The Company accounts for income taxes under the asset and liability method. Under this method, deferred tax assets and liabilities are determined based on differences between financial reporting and tax bases of assets and liabilities and are measured using enacted tax rates and laws that are expected to be in effect when the differences are expected to be recovered or settled. Realization of deferred tax assets is dependent upon future taxable income. A valuation allowance is recognized if it is more likely than not that some portion or all of a deferred tax asset will not be realized based on the weight of available evidence, including expected future earnings. The Company recognizes an uncertain tax position in its financial statements when it concludes that a tax position is more likely than not to be sustained upon examination based solely on its technical merits. Only after a tax position passes the first step of recognition will measurement be required. Under the measurement step, the tax benefit is measured as the largest amount of benefit that is more likely than not to be realized upon effective settlement. This is determined on a cumulative probability basis. The full impact of any change in recognition or measurement is reflected in the period in which such change occurs. The Company elects to accrue any interest or penalties related to income taxes as part of its income tax expense.

 

Leases

 

 The Company evaluates all contractual agreements at inception to determine if they contain a lease. Lease liabilities are measured at present value of lease payments not yet paid, using a discounted cash flow model that requires the use of a discount rate, or incremental borrowing rate. The Company does not record right-of-use assets or operating lease liabilities on leases with initial terms of 12 months or less (short-term). All Company leases are short-term in duration; therefore, no right of use assets or lease liabilities are recorded as of December 31, 2022 or 2021.

 

Foreign Currency Translation and Transactions

 

The majority of the Company's operations occur in entities that have the U.S. dollar as their functional currency. The one non-U.S. dollar denominated functional currency subsidiary has assets and liabilities translated into U.S. dollars at rates of exchange in effect at the end of the year. Expense amounts are translated using the average exchange rates for the period. Net unrealized gains and losses resulting from foreign currency translation are recorded in Other expense, net in the consolidated statements of operations. The Company had realized losses on foreign currency exchange during the years ended December 31, 2022 and 2021 of $122 and $72, respectively, which are included in Other expense, net in the consolidated statements of operations. 

 

Recently Adopted Accounting Pronouncements

 

On May 3, 2021, the Financial Accounting Standards Board (FASB) issued Accounting Standards Update (ASU) No. 2021-04, Issuers Accounting for Certain Modifications or Exchanges of Freestanding Equity-Classified Written Call Options — a consensus of the FASB Emerging Issues Task Force. The ASU provides a principles-based framework to determine whether an issuer should recognize the modification or exchange as an adjustment to equity or an expense.
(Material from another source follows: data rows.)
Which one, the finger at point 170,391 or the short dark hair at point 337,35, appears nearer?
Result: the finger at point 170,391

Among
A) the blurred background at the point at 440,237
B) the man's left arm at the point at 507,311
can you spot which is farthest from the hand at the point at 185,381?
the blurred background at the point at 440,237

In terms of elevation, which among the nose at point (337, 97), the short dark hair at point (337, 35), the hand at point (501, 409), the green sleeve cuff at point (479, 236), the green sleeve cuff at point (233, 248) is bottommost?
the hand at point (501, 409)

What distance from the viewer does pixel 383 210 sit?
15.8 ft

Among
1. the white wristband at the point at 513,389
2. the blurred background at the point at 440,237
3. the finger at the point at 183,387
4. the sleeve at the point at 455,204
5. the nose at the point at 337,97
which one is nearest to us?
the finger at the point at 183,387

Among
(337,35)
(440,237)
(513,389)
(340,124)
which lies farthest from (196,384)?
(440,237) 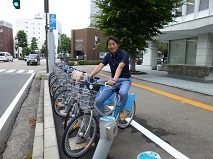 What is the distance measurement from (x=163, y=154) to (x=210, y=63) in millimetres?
14600

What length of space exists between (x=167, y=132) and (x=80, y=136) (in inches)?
77.9

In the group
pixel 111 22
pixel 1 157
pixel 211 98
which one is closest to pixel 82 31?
pixel 111 22

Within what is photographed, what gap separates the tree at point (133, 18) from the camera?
1217cm

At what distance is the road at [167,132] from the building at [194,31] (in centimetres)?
878

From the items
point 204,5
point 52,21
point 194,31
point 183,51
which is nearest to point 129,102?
point 52,21

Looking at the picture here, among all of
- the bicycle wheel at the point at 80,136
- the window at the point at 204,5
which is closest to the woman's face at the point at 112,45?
the bicycle wheel at the point at 80,136

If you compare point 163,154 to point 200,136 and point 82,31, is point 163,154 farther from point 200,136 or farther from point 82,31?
point 82,31

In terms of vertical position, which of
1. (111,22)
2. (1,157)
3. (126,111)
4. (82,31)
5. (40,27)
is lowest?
(1,157)

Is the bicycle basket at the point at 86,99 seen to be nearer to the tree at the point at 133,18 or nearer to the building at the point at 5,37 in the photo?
the tree at the point at 133,18

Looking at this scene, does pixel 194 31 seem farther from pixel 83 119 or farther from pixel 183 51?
pixel 83 119

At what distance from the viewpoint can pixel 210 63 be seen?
608 inches

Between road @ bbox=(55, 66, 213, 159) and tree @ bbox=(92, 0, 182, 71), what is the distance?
7208 mm

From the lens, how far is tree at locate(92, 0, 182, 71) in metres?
12.2

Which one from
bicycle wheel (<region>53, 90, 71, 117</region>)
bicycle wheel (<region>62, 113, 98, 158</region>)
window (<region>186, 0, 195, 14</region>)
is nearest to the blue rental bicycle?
bicycle wheel (<region>62, 113, 98, 158</region>) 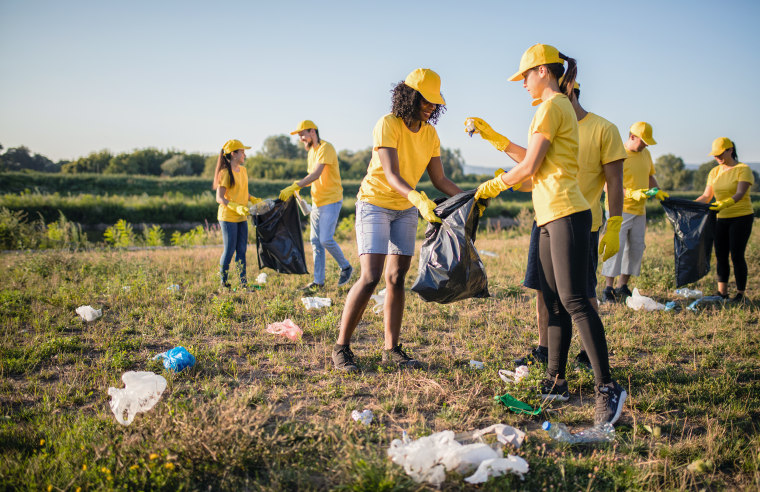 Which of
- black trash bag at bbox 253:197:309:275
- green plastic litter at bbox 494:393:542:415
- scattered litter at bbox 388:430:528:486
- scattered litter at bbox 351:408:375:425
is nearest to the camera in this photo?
scattered litter at bbox 388:430:528:486

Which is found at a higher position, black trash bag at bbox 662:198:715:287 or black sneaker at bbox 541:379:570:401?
black trash bag at bbox 662:198:715:287

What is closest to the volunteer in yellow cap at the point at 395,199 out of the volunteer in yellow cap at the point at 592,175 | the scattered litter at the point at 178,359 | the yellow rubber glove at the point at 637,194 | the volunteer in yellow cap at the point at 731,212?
the volunteer in yellow cap at the point at 592,175

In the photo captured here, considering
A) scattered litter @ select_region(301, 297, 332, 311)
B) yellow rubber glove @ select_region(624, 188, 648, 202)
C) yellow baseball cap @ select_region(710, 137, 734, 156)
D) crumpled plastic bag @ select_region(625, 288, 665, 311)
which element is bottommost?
scattered litter @ select_region(301, 297, 332, 311)

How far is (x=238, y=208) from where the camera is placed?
5.27 m

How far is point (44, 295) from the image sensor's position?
4750mm

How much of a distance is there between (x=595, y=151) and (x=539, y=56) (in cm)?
86

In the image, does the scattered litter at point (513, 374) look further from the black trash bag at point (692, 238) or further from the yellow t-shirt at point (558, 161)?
the black trash bag at point (692, 238)

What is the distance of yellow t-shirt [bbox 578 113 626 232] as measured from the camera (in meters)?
3.03

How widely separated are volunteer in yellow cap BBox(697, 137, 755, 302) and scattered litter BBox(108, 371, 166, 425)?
5623 millimetres

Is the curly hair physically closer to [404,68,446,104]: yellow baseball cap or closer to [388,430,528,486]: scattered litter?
[404,68,446,104]: yellow baseball cap

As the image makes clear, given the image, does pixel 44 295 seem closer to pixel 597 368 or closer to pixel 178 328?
pixel 178 328

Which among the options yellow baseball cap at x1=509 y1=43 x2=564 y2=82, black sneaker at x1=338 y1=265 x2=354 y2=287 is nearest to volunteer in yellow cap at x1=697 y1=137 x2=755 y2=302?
yellow baseball cap at x1=509 y1=43 x2=564 y2=82

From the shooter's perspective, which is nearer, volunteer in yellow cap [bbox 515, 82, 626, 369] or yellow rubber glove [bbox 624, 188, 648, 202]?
volunteer in yellow cap [bbox 515, 82, 626, 369]

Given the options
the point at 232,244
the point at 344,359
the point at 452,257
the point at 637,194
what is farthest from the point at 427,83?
the point at 232,244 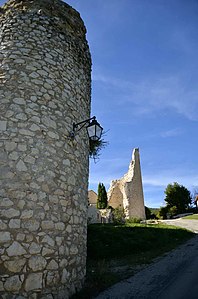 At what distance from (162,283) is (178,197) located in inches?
1423

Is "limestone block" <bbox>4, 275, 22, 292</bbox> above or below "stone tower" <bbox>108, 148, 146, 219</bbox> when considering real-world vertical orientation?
below

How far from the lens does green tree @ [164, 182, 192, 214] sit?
3806cm

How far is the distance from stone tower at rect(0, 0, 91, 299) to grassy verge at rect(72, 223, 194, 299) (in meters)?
0.63

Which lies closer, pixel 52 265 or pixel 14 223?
pixel 14 223

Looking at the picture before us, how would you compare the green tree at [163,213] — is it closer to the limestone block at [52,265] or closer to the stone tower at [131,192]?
the stone tower at [131,192]

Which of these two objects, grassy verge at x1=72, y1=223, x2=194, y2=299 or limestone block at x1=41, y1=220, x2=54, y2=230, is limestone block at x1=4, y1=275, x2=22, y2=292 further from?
grassy verge at x1=72, y1=223, x2=194, y2=299

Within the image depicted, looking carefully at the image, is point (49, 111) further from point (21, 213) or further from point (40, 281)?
point (40, 281)

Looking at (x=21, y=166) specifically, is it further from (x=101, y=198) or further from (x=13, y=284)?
(x=101, y=198)

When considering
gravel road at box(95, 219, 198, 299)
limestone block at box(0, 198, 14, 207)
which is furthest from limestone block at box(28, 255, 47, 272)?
gravel road at box(95, 219, 198, 299)

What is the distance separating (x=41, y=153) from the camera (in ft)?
14.6

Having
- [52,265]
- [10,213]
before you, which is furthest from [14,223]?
[52,265]

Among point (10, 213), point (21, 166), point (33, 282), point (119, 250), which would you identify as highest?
point (21, 166)

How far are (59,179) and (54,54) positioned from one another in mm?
2884

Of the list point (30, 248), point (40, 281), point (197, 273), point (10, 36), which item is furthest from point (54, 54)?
point (197, 273) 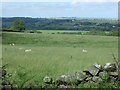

As there were no modifications or exchanges of freestanding equity-classified warrants during the year ended December 31, 2022, the standard did not have an impact on the consolidated financial statements. 

 

On January 1, 2022, the Company adopted ASU No. 2021-10, Annual Disclosure Requirements for Business Entities Receiving Government Assistance (Topic 832) – Disclosures by Business Entities about Government Assistance, which requires business entities to disclose information about transactions with a government that are accounted for by applying a grant or contribution model by analogy. For transactions within scope, the new standard requires the disclosure of information about the nature of the transaction, including significant terms and conditions, as well as the amounts and specific financial statement line items affected by the transaction. The disclosure of the Company's research and development tax rebate receivable is detailed in Note 7.